We then validate the model using the following bootstrap procedure:
1.
Entering a maximum likelihood estimate of \(\theta\), we can simulate a data set based on the heterogeneous marked point process defined in the previous section.
2.
For the dataset simulated in the previous step, we compute the non-homogeneous K-function defined in (5).
3.
Repeat (1) and (2) 10,000 times.
Four.
For a defined set of distances, calculate a 95\(\%\) confidence interval using the 10,000 functions obtained in the previous step.

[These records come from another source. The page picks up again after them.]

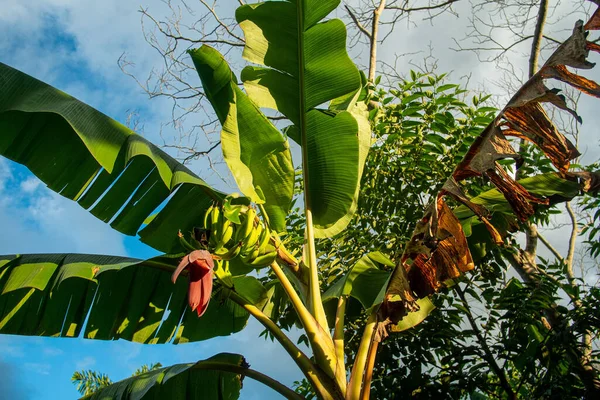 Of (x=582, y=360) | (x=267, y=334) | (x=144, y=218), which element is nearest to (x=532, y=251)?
(x=582, y=360)

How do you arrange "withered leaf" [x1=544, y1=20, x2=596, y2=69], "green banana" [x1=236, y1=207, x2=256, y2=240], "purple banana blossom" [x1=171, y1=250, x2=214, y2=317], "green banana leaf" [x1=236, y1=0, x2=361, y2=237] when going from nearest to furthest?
"purple banana blossom" [x1=171, y1=250, x2=214, y2=317] → "withered leaf" [x1=544, y1=20, x2=596, y2=69] → "green banana" [x1=236, y1=207, x2=256, y2=240] → "green banana leaf" [x1=236, y1=0, x2=361, y2=237]

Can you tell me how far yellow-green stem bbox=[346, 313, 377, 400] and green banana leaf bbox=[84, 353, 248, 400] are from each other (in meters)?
0.70

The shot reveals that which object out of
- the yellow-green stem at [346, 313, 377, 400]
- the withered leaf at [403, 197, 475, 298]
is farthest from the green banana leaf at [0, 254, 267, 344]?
the withered leaf at [403, 197, 475, 298]

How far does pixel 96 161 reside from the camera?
10.8 feet

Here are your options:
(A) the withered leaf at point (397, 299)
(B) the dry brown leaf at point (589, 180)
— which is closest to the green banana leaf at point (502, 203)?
(B) the dry brown leaf at point (589, 180)

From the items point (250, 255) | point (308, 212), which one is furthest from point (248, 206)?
point (308, 212)

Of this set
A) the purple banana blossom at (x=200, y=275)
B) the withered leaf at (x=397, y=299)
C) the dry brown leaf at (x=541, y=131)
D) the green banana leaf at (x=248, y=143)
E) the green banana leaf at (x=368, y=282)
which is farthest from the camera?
the green banana leaf at (x=368, y=282)

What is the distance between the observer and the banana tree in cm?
282

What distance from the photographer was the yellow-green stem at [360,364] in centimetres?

Once the final step is complete, if the K-function calculated on the original data falls within the 95\(\%\) envelope for each age-gender combination, it is concluded that the data show no evidence against the fitted model.
Ethical considerations
The Oxford Tropical Research Ethics Committee (reference number 39-15) and the Malawi National Health Sciences Research Council (reference number 15/5/1599) approved the STRATAA study (trial number ISRCTN 12131979) to be conducted in Malawi. At the household level, the head of the household provided written informed consent for the household survey on behalf of the entire household. In other components of the STRATAA study, study participants aged 18 years or older signed informed consent forms. Meanwhile, parents or guardians of children under 18 years signed informed consent forms. In addition, consent was sought from children aged 11 to 17 years. We confirm that the methods carried out in this study were carried out in accordance with the appropriate regulations and guidelines. Furthermore, we confirm that this study complies with the Declaration of Helsinki.